Nachteile der digitalen Werkzeuge
• Die digitalen Tools können dazu verleiten, die Tourenplanung abzukürzen. Warum sollt man sich die Mühe machen, einen Track selbst zu erstellen, wenn man ihn einfach kopieren kann? Aber Achtung: Ein Track auf dem Smartphone ist noch lange keine Tourenplanung.
• Die leichte Verfügbarkeit von umfassenden Informationen kann dazu führen, dass man sich überschätzt und eine Tour plant, die die eigenen Fähigkeiten übersteigt.
• Digitale Geräte können einen unterwegs im Stich lassen.
• Eine einzelne App kann nicht alles. Wie beim Kochen muss man die richtigen Zutaten miteinander zu kombinieren wissen, zum Beispiel das SAC-Tourenportal für Routen und Orientierung, swisstopo für die Orientierung, MeteoSchweiz für das Wetter, White Risk für die Lawinengefahr und die Rega-App für die Alarmierung im Notfall (am besten mit Kopfhörer, bei starkem Wind versteht man sonst nichts).
• Wenn man während der Tour ständig auf den Bildschirm schaut, verliert man das Gespür für das Gelände.
• GPS-Tracks erscheinen sehr genau, sind aber nicht zwingend korrekt.
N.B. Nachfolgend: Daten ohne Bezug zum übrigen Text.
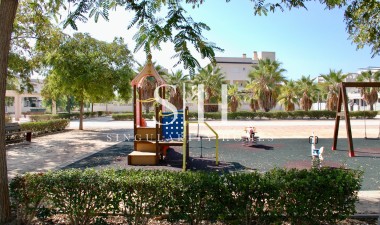 Wiederverkauf - Bungalow - Pilar de la Horadada - Costa Blanca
Wichtig ist es, die Quelle der Daten zu kennen.
Tipps für die Tour
• Sich von den digitalen Hilfsmitteln nicht dazu verleiten lassen, unnötige Risiken einzugehen. Wenn etwa der Nebel bereits zu Beginn der Tour auf dem Gletscher hängt, sollte man nicht blindlings darauf vertrauen, dass einen das Gerät schon leiten wird.
• Ersatzakku und -batterien immer dabeihaben und das Gerät so nah wie möglich am Körper tragen. Viele Akkus und Batterien verlieren in der Kälte an Leistungsfähigkeit.
• Immer mal wieder unterwegs die Ortung ausschalten und testen, ob man weiss, wo genau man ist und wo man hinwill. So trainiert man das Gespür.
• Den gespeicherten Track zwecks Redundanz auf ein anderes Gerät kopieren!